Is having retry for both Worklfow and its activity redundant?

Questions

  1. I have an activity which makes network call and a workflow that holds this activity. Does having 20 max retries for both the workflow and the activity inside the workflow result in total of 20 x 20 network call? I mean, 20 times of activity failure constitutes 1 workflow failure. So 20 Workflow failure should result in 20 x 20 = 400 retries of network call?

  2. I have 2 activities which make 2 different network calls and a workflow that holds these two activities. Both the activites and the workflow have max 20 retries. In the scenario where the first activity is successfull, and the second one keeps failing, after 20 retries of 2nd activity, the activity gives up . Now when the workflow kicks in for the 2nd time, will the first activity which was successfull be executed again? or is it just the failed activity be executed?

  3. In what situations should we have retries for both workflow and activity?

1 Like

1, 2: On each workflow retry, it is executed from the beginning which means already executed activities will be re-executed on the new run. Generally you do not want to fail your workflows on “intermittent” errors, for example your activity errors which could be fixed via new deployment or code changes/fixes.

3: Generally failing workflow execution is not the best idea. One use case for workflow retries is when you want to retry a workflow on unknown failures. You should however if possible make sure your workflows do not fail on known errors.
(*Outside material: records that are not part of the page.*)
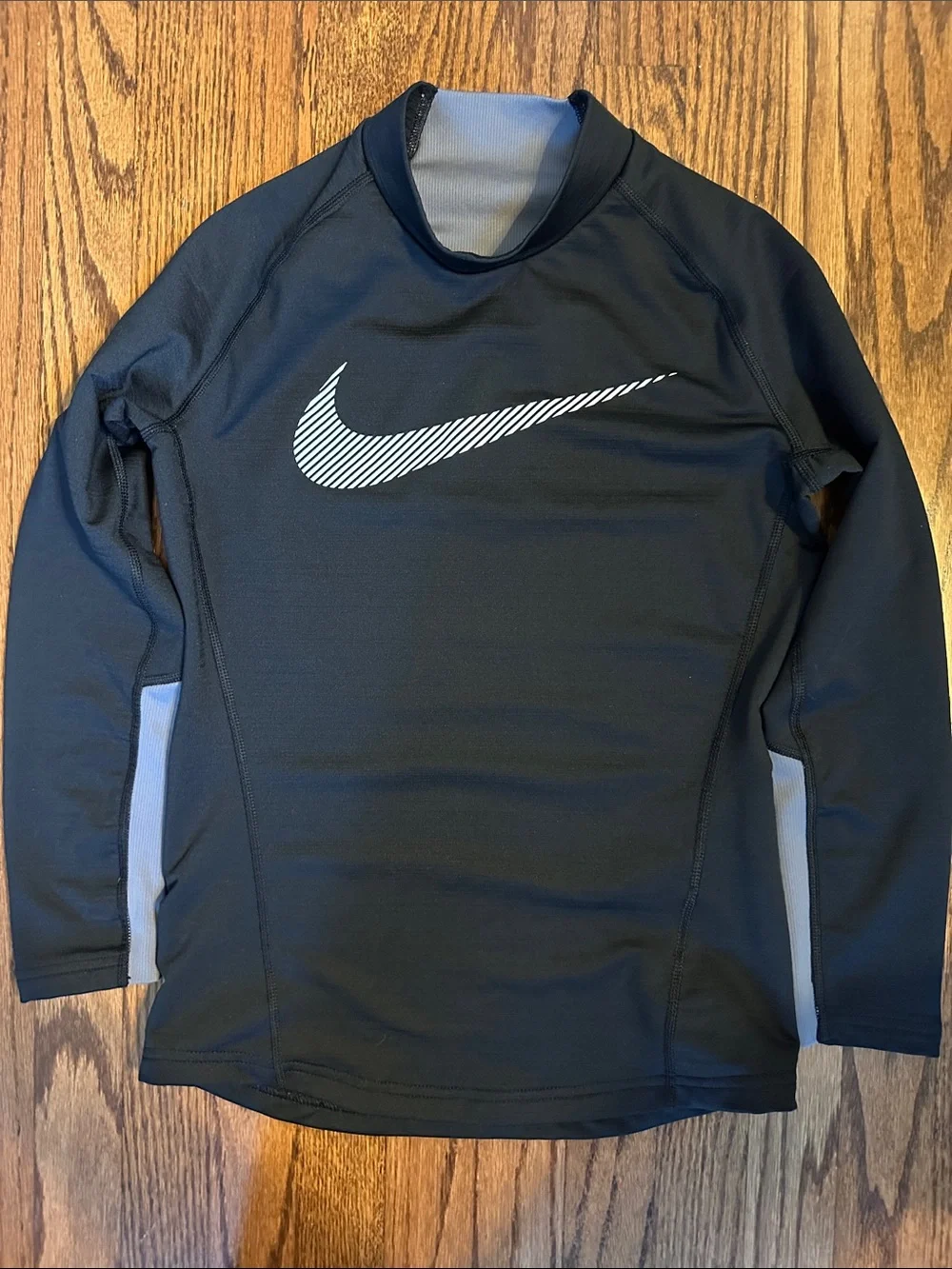 Nike Black Long-Sleeve Training Top with Light Gray Accents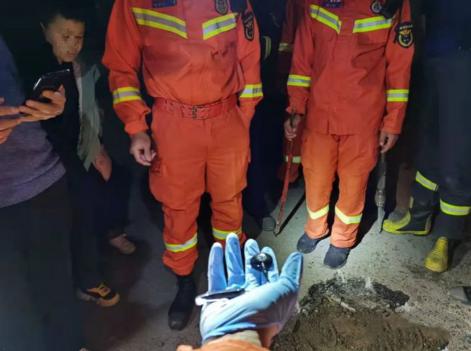 人工耳蜗手术价格（30多万人工耳蜗掉厕所）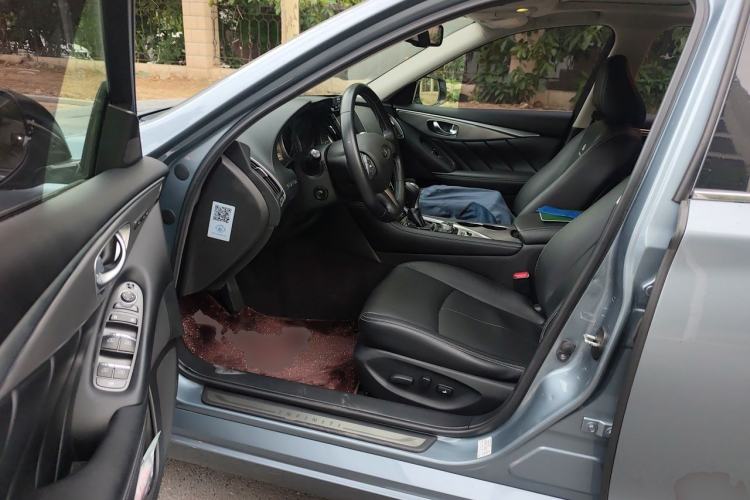 Used Infiniti Q50 2014 3.7L Comfort Edition Left Front Seat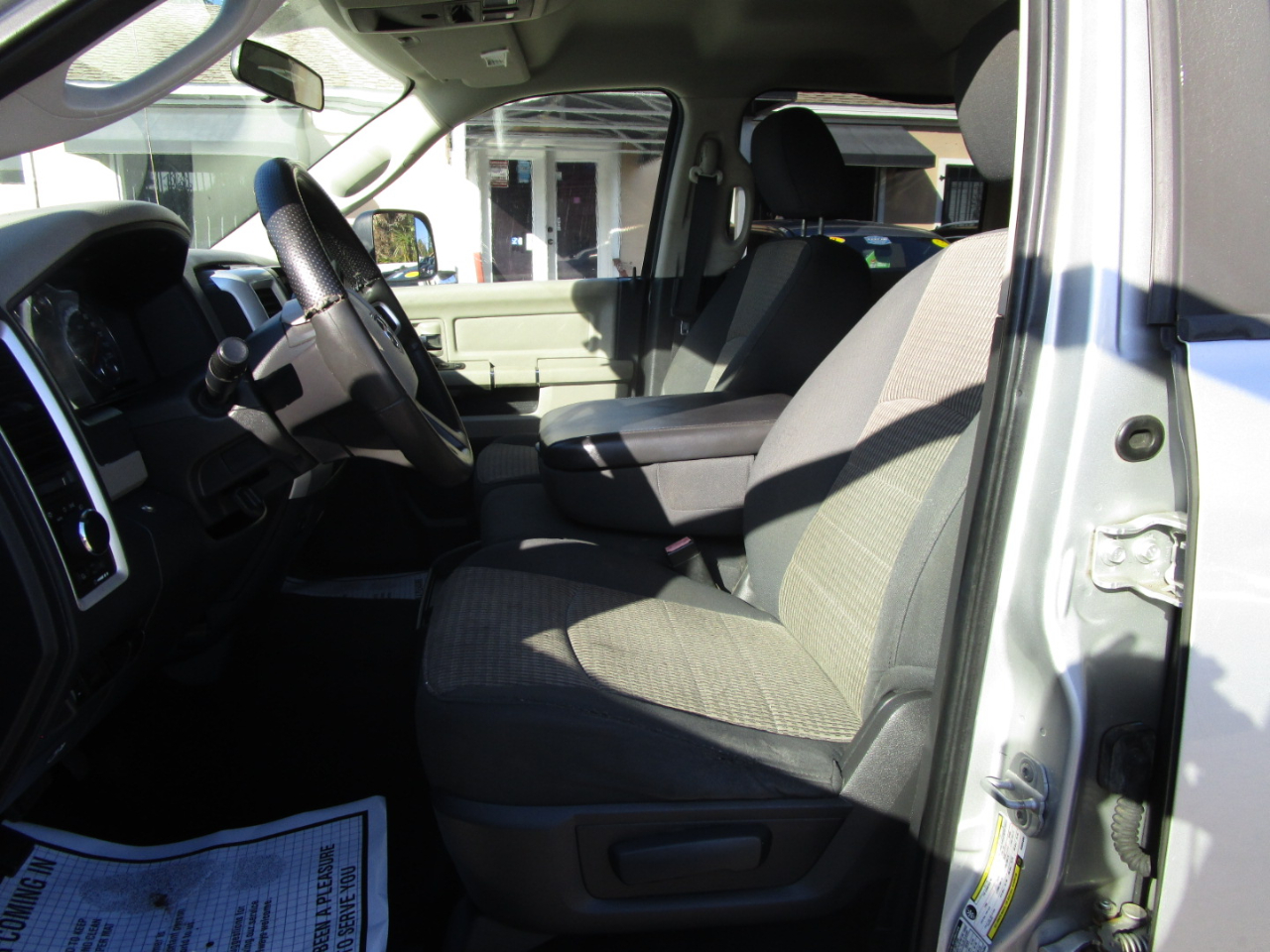 RAM 2500 Laramie Crew Cab LWB 4WD 2011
In the case where you do want to retry on a known failure you should still handle that error in your workflow and have the control how to retry (use continueasnew for example explicitly).

Tihomir,

I’m finding a bit hard to understand workflow retry.

Please check the attached image.

I’m throwing a excpetion to fail the child workflow.

The child workflow fails and retries.

Below is my child worklfow options

ChildWorkflowOptions workflowOptions =
          ChildWorkflowOptions.newBuilder()
              .setRetryOptions(RetryOptions.newBuilder().setMaximumAttempts(3).build())
              .build();
      GreetingChild child = Workflow.newChildWorkflowStub(GreetingChild.class, workflowOptions);

Questions

  1. Event though I have the max attemps set to 3, the child workflow seems to be retrying more than that. I have added a log just before I throw the exception. This log is appearing more than 3 times.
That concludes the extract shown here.